Nothing but an exact copy is asked for: the lines in the material below from the one with "151 S Tahquitz Dr — Photo 20" through the one with "Photo 15 VIN: 5TBBT541X7S456958", pictures excluded.
-------- Source data --------
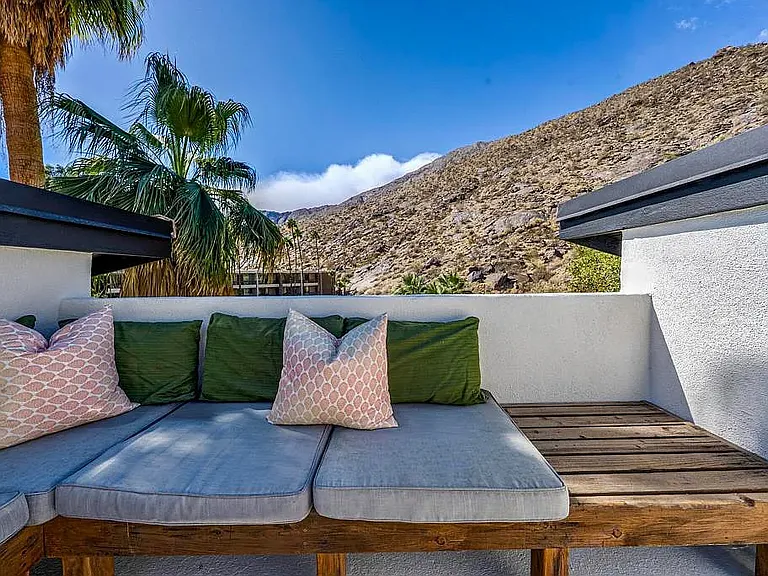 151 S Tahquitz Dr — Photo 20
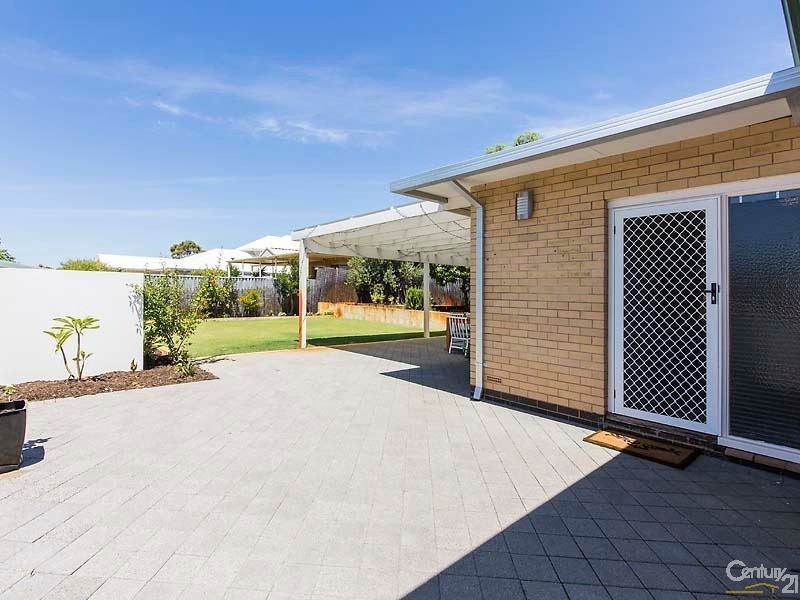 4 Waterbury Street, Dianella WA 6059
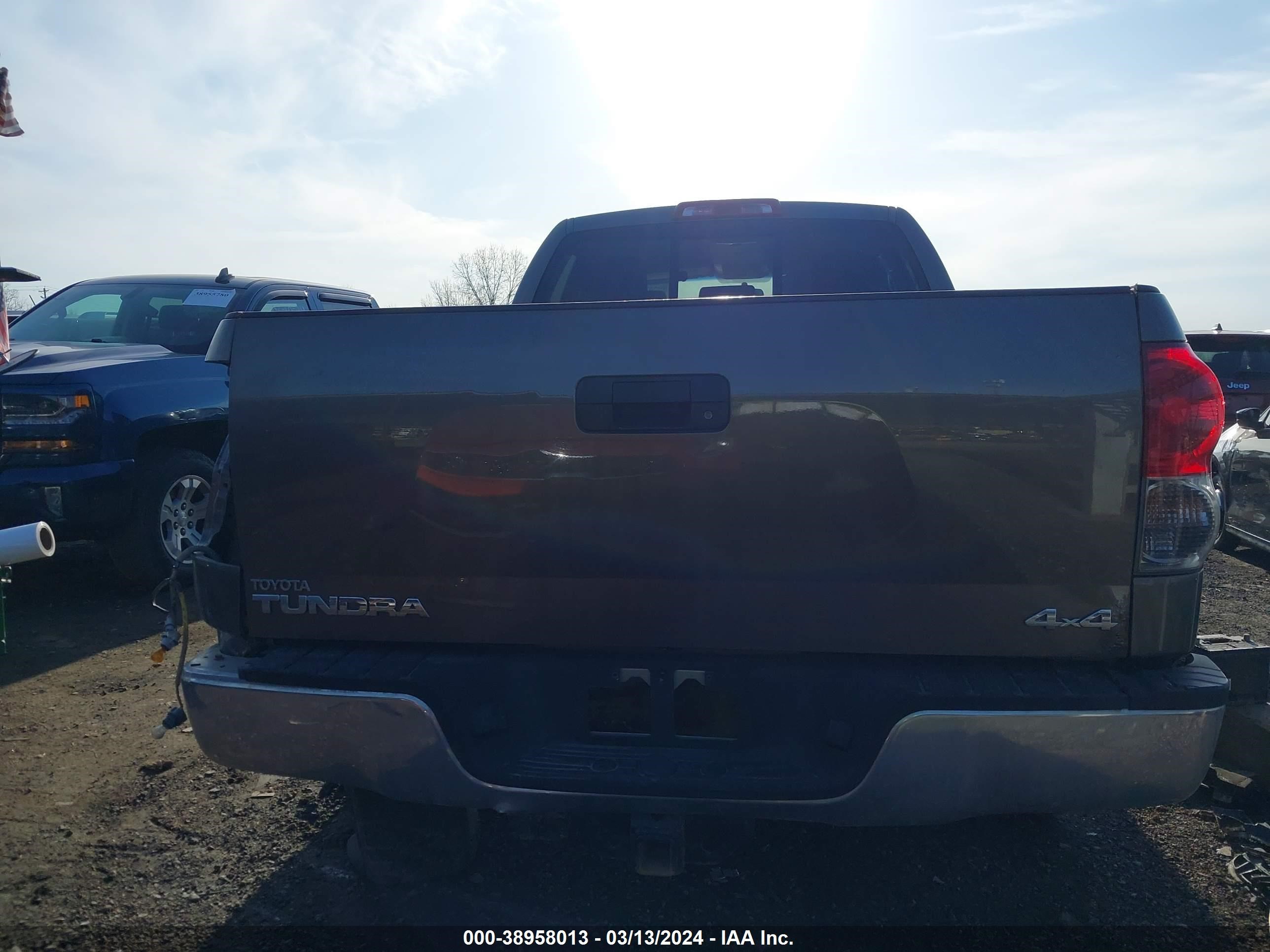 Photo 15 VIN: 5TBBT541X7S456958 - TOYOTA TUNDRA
--------
-------- Source data --------
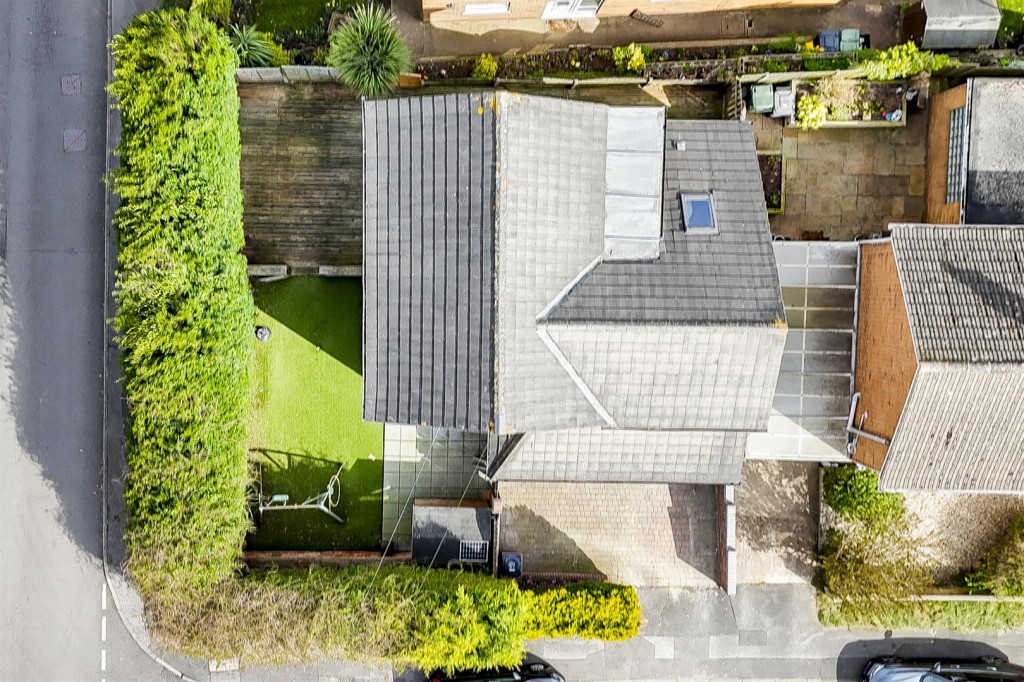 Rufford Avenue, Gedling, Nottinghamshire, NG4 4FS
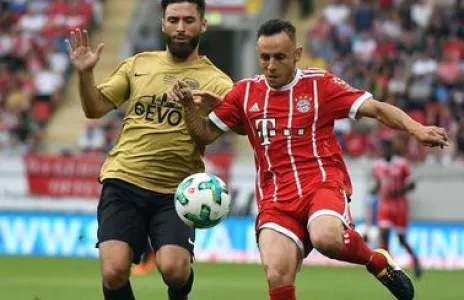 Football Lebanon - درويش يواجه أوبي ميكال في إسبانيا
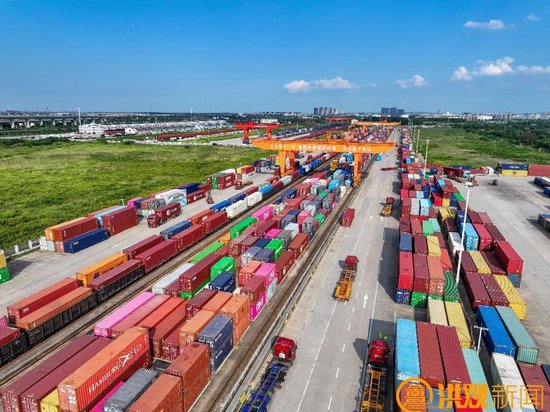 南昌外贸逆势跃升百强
--------
-------- Source data --------
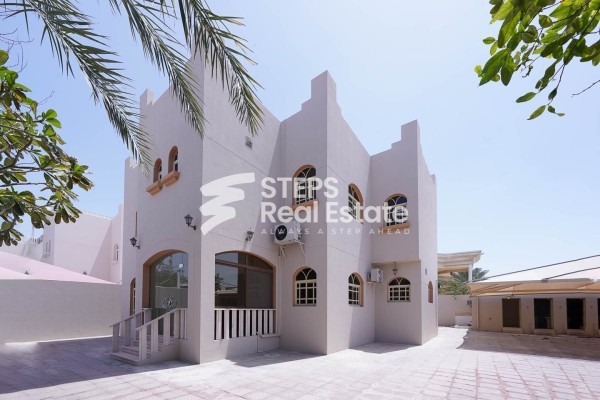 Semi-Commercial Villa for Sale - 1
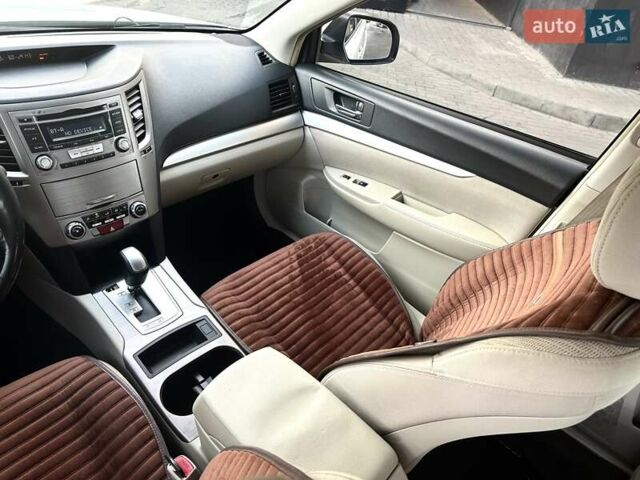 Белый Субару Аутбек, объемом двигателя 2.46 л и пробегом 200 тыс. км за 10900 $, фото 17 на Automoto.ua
--------
▸ Answer box
 151 S Tahquitz Dr — Photo 20
 4 Waterbury Street, Dianella WA 6059
 Photo 15 VIN: 5TBBT541X7S456958 - TOYOTA TUNDRA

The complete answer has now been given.